Re: [PATCH RESEND V2 net 1/7] net: hns3: fixed reset failure issues caused by the incorrect reset type

From: Jijie Shao
Date: Thu Dec 19 2024 - 07:19:21 EST



on 2024/12/19 17:41, Paolo Abeni wrote:
On 12/18/24 10:02, Michal Swiatkowski wrote:
On Tue, Dec 17, 2024 at 09:08:33AM +0800, Jijie Shao wrote:
From: Hao Lan <lanhao@xxxxxxxxxx>

When a reset type that is not supported by the driver is input, a reset
pending flag bit of the HNAE3_NONE_RESET type is generated in
reset_pending. The driver does not have a mechanism to clear this type
of error. As a result, the driver considers that the reset is not
complete. This patch provides a mechanism to clear the
HNAE3_NONE_RESET flag and the parameter of
hnae3_ae_ops.set_default_reset_request is verified.

The error message:
hns3 0000:39:01.0: cmd failed -16
hns3 0000:39:01.0: hclge device re-init failed, VF is disabled!
hns3 0000:39:01.0: failed to reset VF stack
hns3 0000:39:01.0: failed to reset VF(4)
hns3 0000:39:01.0: prepare reset(2) wait done
hns3 0000:39:01.0 eth4: already uninitialized

Use the crash tool to view struct hclgevf_dev:
struct hclgevf_dev {
...
default_reset_request = 0x20,
reset_level = HNAE3_NONE_RESET,
reset_pending = 0x100,
reset_type = HNAE3_NONE_RESET,
...
};

Fixes: 720bd5837e37 ("net: hns3: add set_default_reset_request in the hnae3_ae_ops")
Signed-off-by: Hao Lan <lanhao@xxxxxxxxxx>
Signed-off-by: Jijie Shao <shaojijie@xxxxxxxxxx>
Signed-off-by: Paolo Abeni <pabeni@xxxxxxxxxx>
I haven't signed-off this patch.

Still no need to repost (yet) for this if the following points are
solved rapidly (as I may end-up merging the series and really adding my
SoB), but please avoid this kind of issue in the future.

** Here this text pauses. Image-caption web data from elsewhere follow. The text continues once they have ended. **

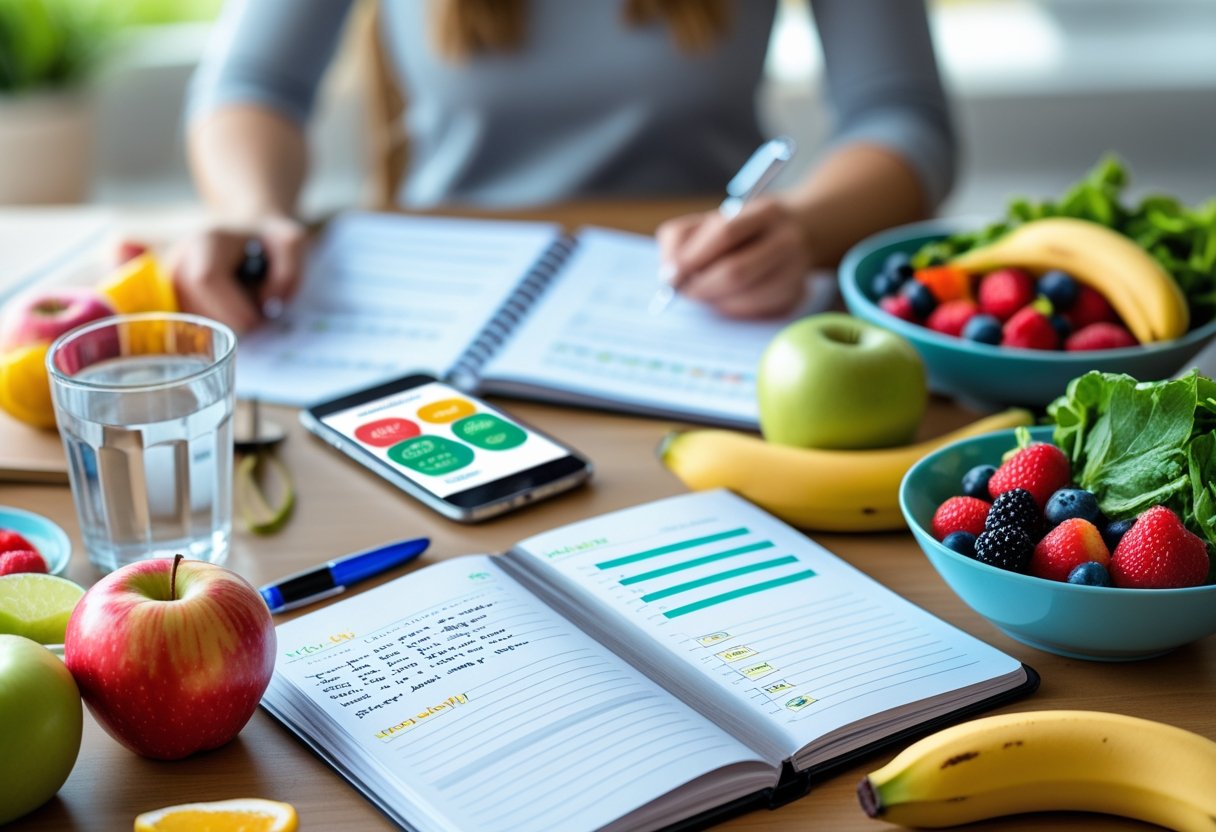 Mesa com caderno aberto, frutas frescas, legumes, copo d'água e celular, com pessoa ao fundo planejando uma alimentação saudável.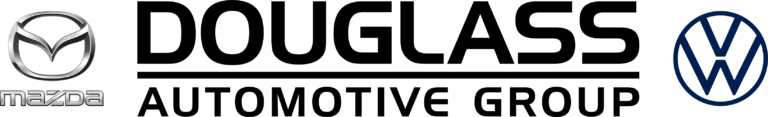 Logos of Mazda, Douglass Automotive Group, and Volkswagen.
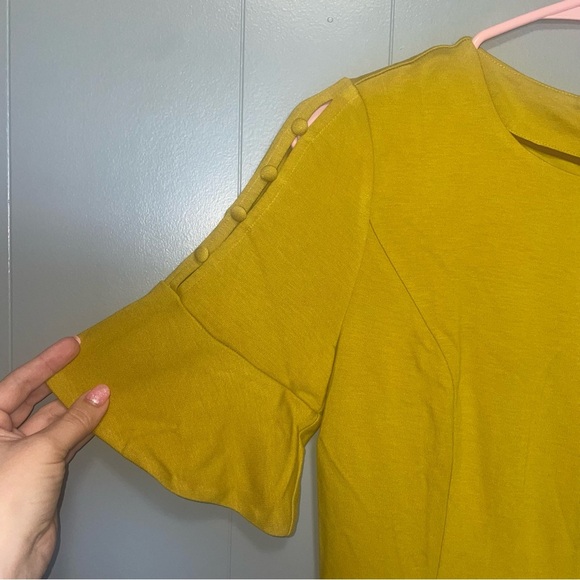 Boden Alexis Jersey Mustard Yellow Knee Length Dress 6P - Picture 6 of 11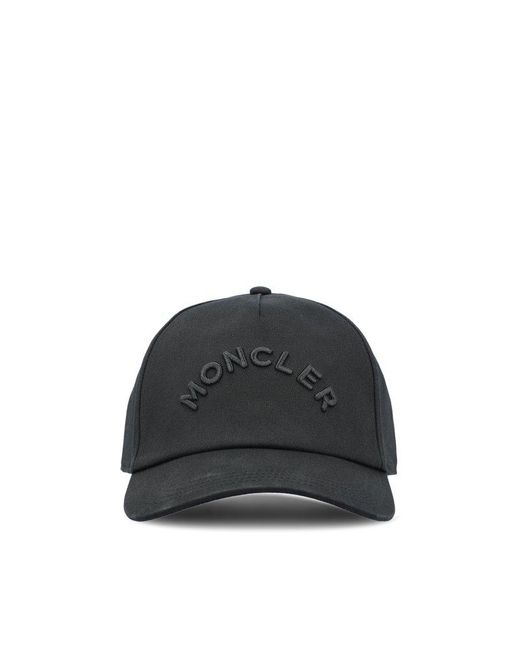 Moncler Black Logo Embroidered Baseball Cap for men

Sorry, the patch is fotmated from the patch that has been accpected.
So SOB is added automatically. I will delete the SOB in next version.

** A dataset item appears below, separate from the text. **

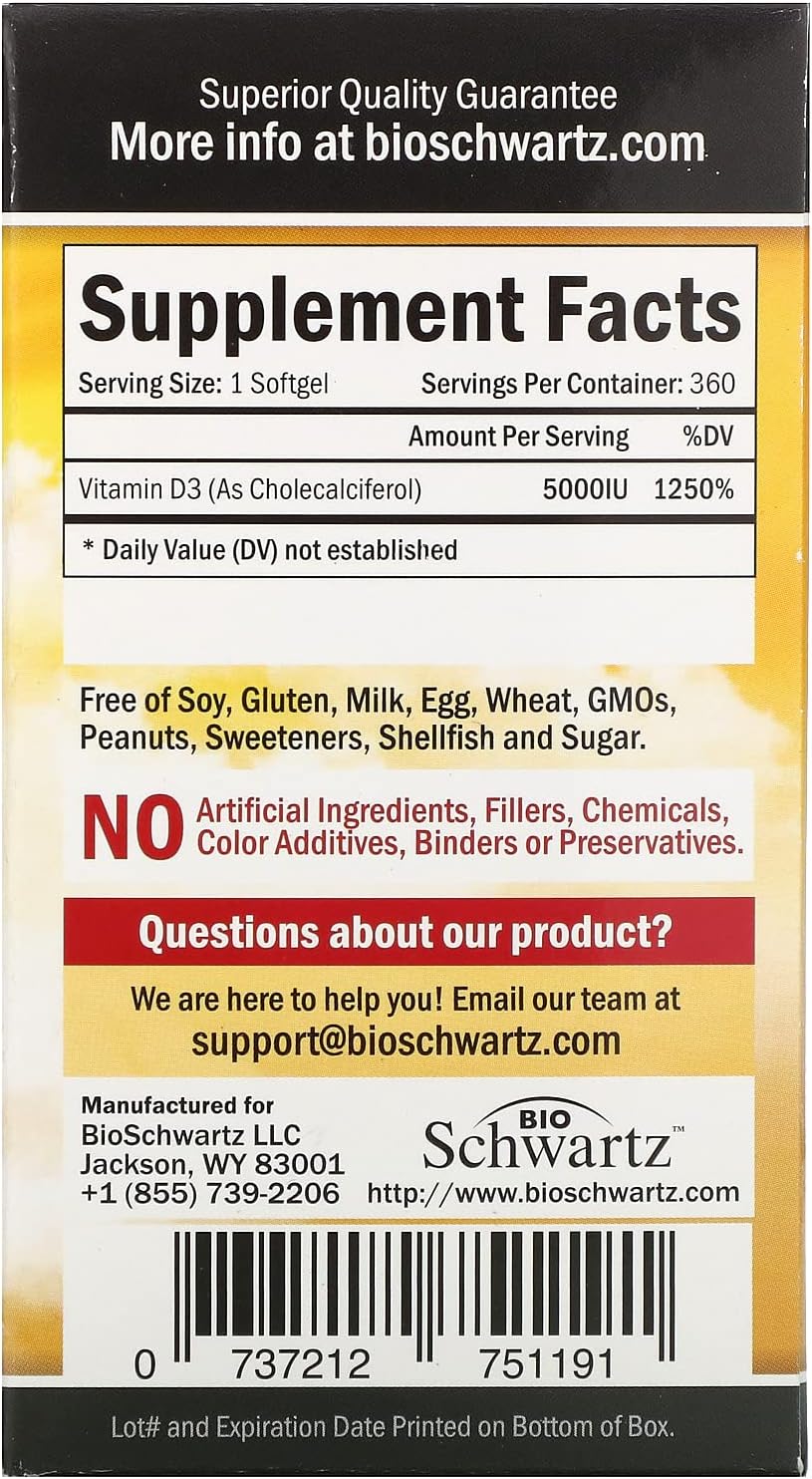 BioSchwartz High Strength Vitamin D3 5000 IU 125 mcg with Daily Probiotic Supplement - 1 Year and 2 Month Supply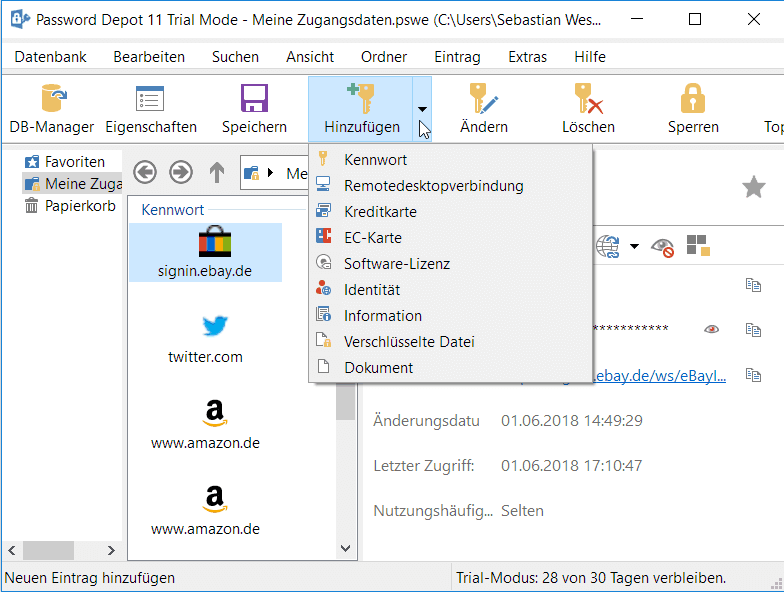 Password Depot Eintrag erstellen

@@ -4227,7 +4240,7 @@ static bool hclge_reset_err_handle(struct hclge_dev *hdev)
return false;
} else if (hdev->rst_stats.reset_fail_cnt < MAX_RESET_FAIL_CNT) {
hdev->rst_stats.reset_fail_cnt++;
- set_bit(hdev->reset_type, &hdev->reset_pending);
+ hclge_set_reset_pending(hdev, hdev->reset_type);
Sth is unclear for me here. Doesn't HNAE3_NONE_RESET mean that there is
no reset? If yes, why in this case reset_fail_cnt++ is increasing?

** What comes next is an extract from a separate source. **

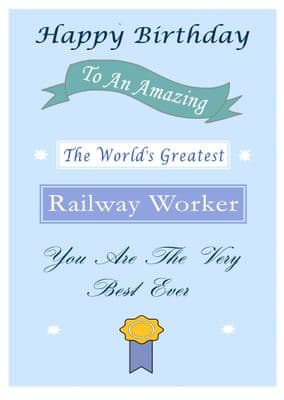 Railway Worker - Birthday Card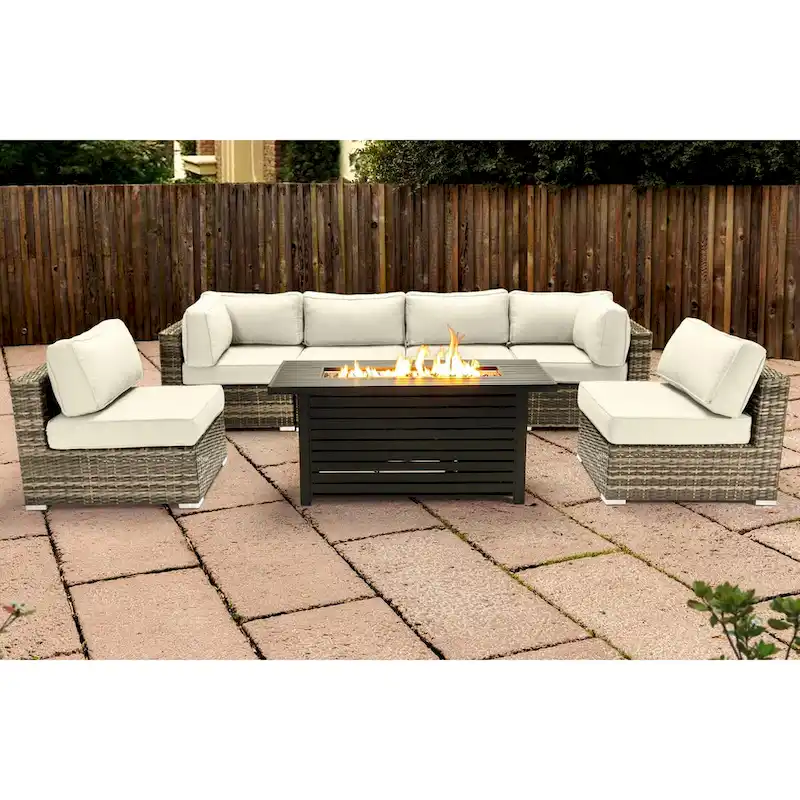 LSI 6 Person Seating Group With Metal Firepit And Sunbrella Cushions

Maybe the check for NONE_RESET should be done in this else if check to
prevent reset_fail_cnt from increasing (and also solve the problem with
pending bit set)
@Michal: I don't understand your comment above. hclge_reset_err_handle()
handles attempted reset failures. I don't see it triggered when
reset_type == HNAE3_NONE_RESET.

@@ -4470,8 +4483,20 @@ static void hclge_reset_event(struct pci_dev *pdev, struct hnae3_handle *handle)
static void hclge_set_def_reset_request(struct hnae3_ae_dev *ae_dev,
enum hnae3_reset_type rst_type)
{
+#define HCLGE_SUPPORT_RESET_TYPE \
+ (BIT(HNAE3_FLR_RESET) | BIT(HNAE3_FUNC_RESET) | \
+ BIT(HNAE3_GLOBAL_RESET) | BIT(HNAE3_IMP_RESET))
+
struct hclge_dev *hdev = ae_dev->priv;
+ if (!(BIT(rst_type) & HCLGE_SUPPORT_RESET_TYPE)) {
+ /* To prevent reset triggered by hclge_reset_event */
+ set_bit(HNAE3_NONE_RESET, &hdev->default_reset_request);
+ dev_warn(&hdev->pdev->dev, "unsupported reset type %d\n",
+ rst_type);
+ return;
+ }
Maybe (nit):
if (...) {
rst_type =
dev_warn();
}

set_bit(rst_type, );
It is a little hard to follow with return in the if.
@Michal: I personally find the patch code quite readable, do you have
strong opinions here?

set_bit(rst_type, &hdev->default_reset_request);
}
diff --git a/drivers/net/ethernet/hisilicon/hns3/hns3vf/hclgevf_main.c b/drivers/net/ethernet/hisilicon/hns3/hns3vf/hclgevf_main.c
index 2f6ffb88e700..fd0abe37fdd7 100644
--- a/drivers/net/ethernet/hisilicon/hns3/hns3vf/hclgevf_main.c
+++ b/drivers/net/ethernet/hisilicon/hns3/hns3vf/hclgevf_main.c
@@ -1393,6 +1393,17 @@ static int hclgevf_notify_roce_client(struct hclgevf_dev *hdev,
return ret;
}
+static void hclgevf_set_reset_pending(struct hclgevf_dev *hdev,
+ enum hnae3_reset_type reset_type)
+{
+ /* When an incorrect reset type is executed, the get_reset_level
+ * function generates the HNAE3_NONE_RESET flag. As a result, this
+ * type do not need to pending.
+ */
+ if (reset_type != HNAE3_NONE_RESET)
+ set_bit(reset_type, &hdev->reset_pending);
+}
You already have a way to share the code between PF and VF, so please
move the same functions to common file in one direction up.
AFAICS this can't be shared short of a large refactor not suitable for
net as the functions eligible for sharing operate on different structs
with different layout (hclgevf_dev vs hclge_dev). Currently all the
shared code operates on shared structs.

Cheers,

Yes, Paolo is right, this function cannot be shared.

Thanks,
Jijie Shao


Paolo